→ **ASSIGNED TASK**: Within the listing that follows, reproduce exactly the lines starting at the line with "Noya House Villa in England" and ending at the line with "Ford F-450 Chassis", inclusive, and only those. Pictures are dropped.

→ **EXERCISE MATERIAL**:

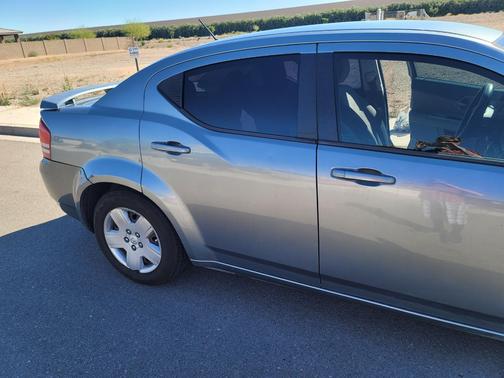 Silver 2008 Dodge Avenger SE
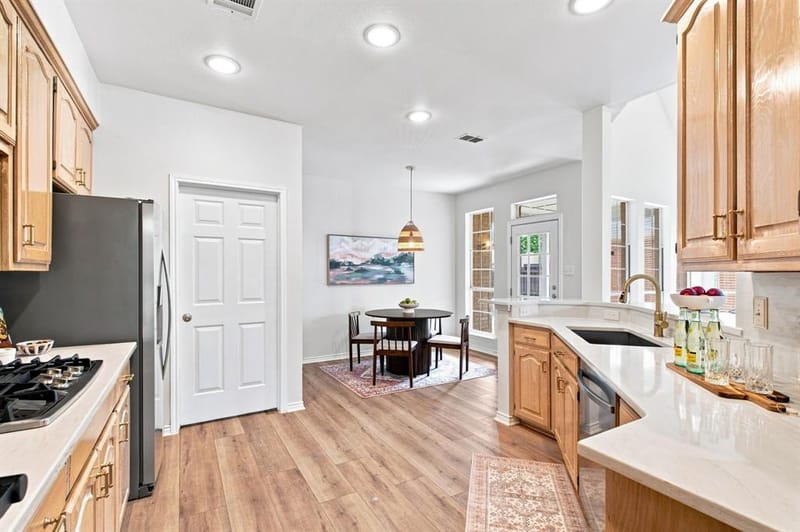 8716 Falls Road, Irving TX 75063 - Photo 16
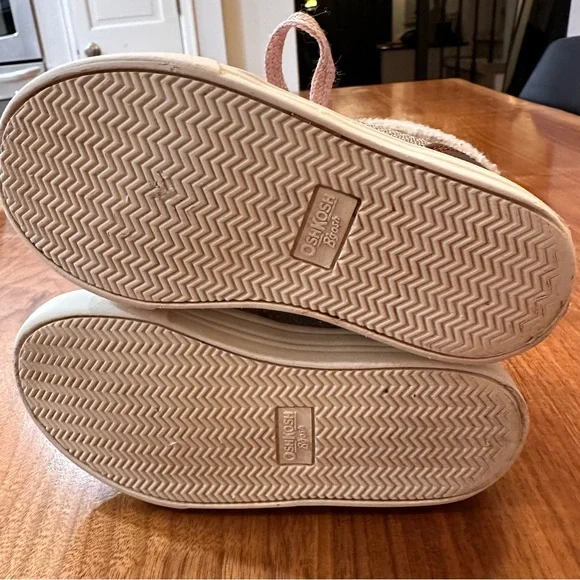 OshKosh Metallic Gold High Top Sneakers Glitter Faux Fur Trim. Size Girl… - Picture 11 of 16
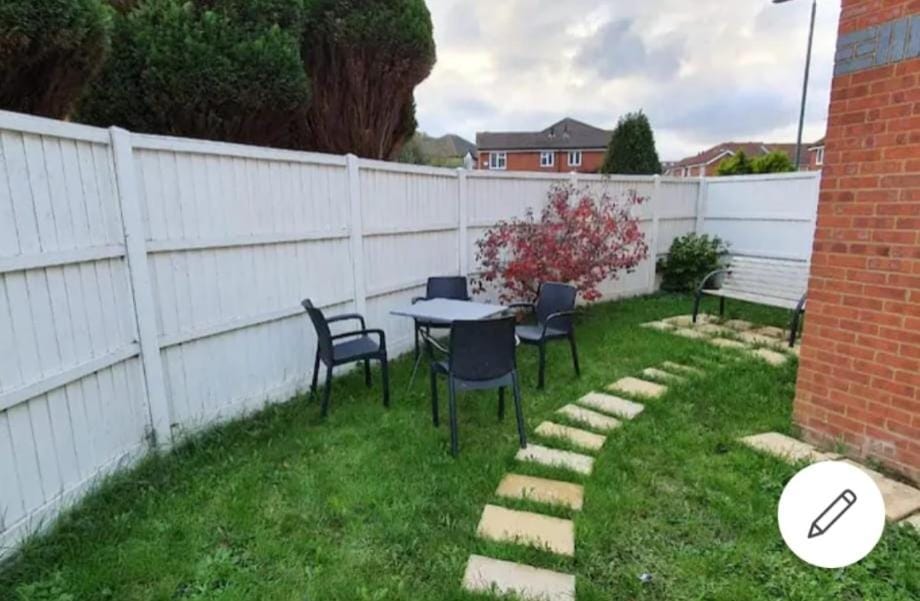 Noya House Villa in England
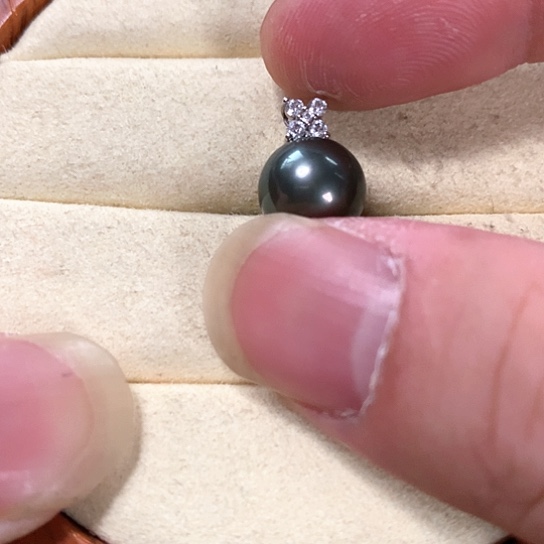 海水珍珠吊坠(不含链)18K金镶嵌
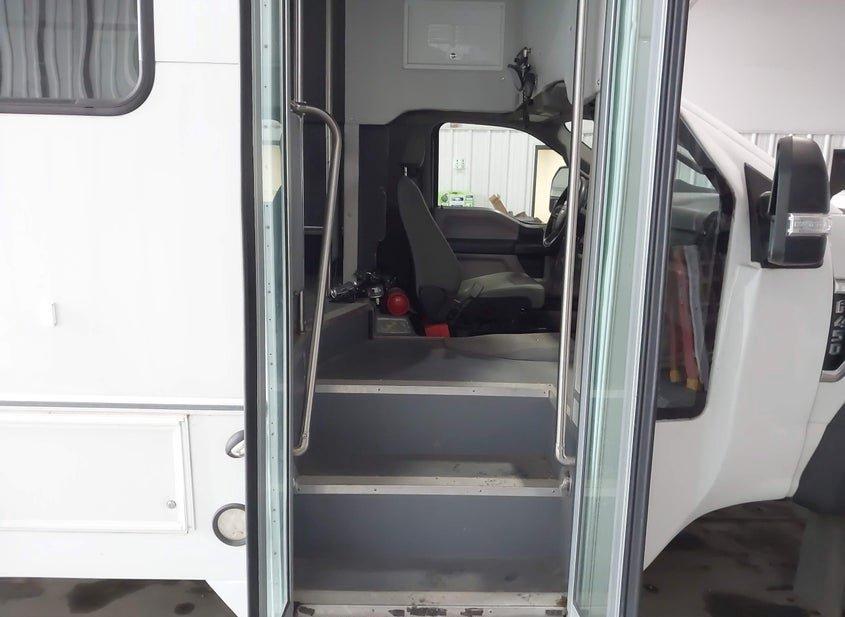 Ford F-450 Chassis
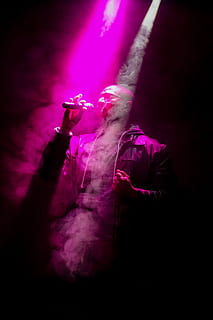 uomo, in piedi, detenzione, microfono, umano, persona, vita notturna, luce, club, illuminazione, bagliore, concerto, discoteca, cantante, canzone, evento, culto, cantare, musica, attività ricreative, folla, palcoscenico, viola, pub, una persona, in casa, illuminato, fumo - struttura fisica, colore rosa, parte del corpo umano, buio, adulto, attrezzatura per l'illuminazione, cultura artistica e intrattenimento, parte del corpo, stage - spazio per le prestazioni, godimento, prestazione, sfondo nero, arto umano, 5K, CC0, dominio pubblico, privo di copyright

→ **TASK OUTPUT**:
 Noya House Villa in England
 海水珍珠吊坠(不含链)18K金镶嵌
 Ford F-450 Chassis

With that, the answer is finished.